**DATA:**
#####

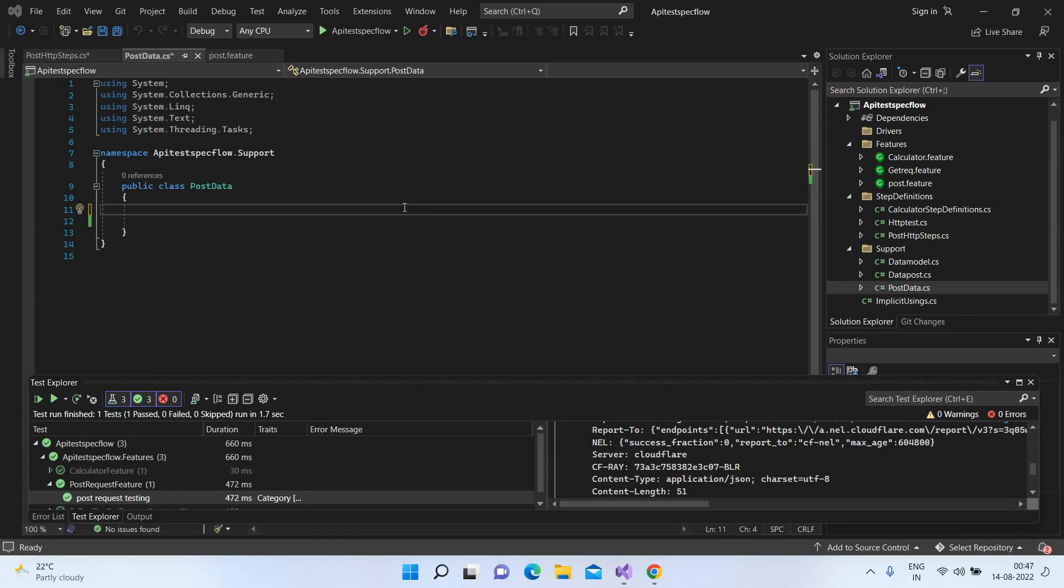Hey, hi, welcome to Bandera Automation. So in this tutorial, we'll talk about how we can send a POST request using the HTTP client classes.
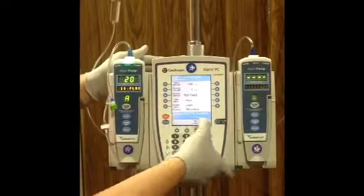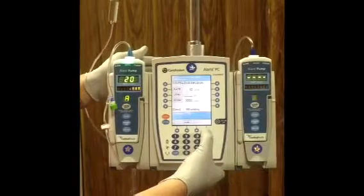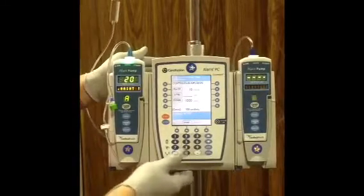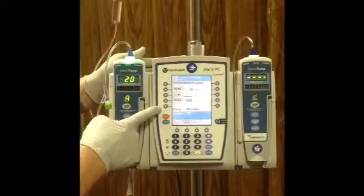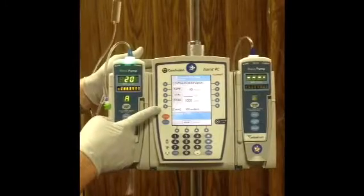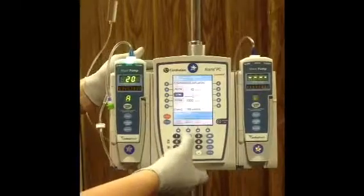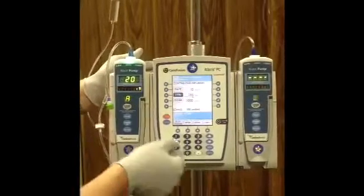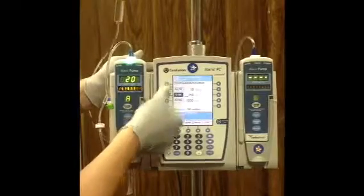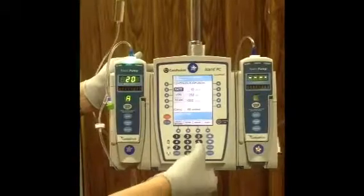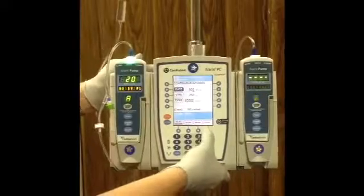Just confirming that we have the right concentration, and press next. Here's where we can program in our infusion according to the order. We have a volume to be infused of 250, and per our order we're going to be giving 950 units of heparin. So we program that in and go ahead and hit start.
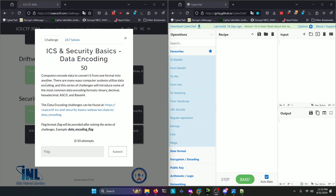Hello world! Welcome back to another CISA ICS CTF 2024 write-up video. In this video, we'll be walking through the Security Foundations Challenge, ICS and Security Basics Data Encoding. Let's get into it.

#####

**REQUIRED WORK:** With the pictures left out, copy exactly the lines from the one containing "Just confirming that" through the last line of the data.

**SOLUTION TO THIS PROBLEM:**
Just confirming that we have the right concentration, and press next. Here's where we can program in our infusion according to the order. We have a volume to be infused of 250, and per our order we're going to be giving 950 units of heparin. So we program that in and go ahead and hit start.
Hello world! Welcome back to another CISA ICS CTF 2024 write-up video. In this video, we'll be walking through the Security Foundations Challenge, ICS and Security Basics Data Encoding. Let's get into it.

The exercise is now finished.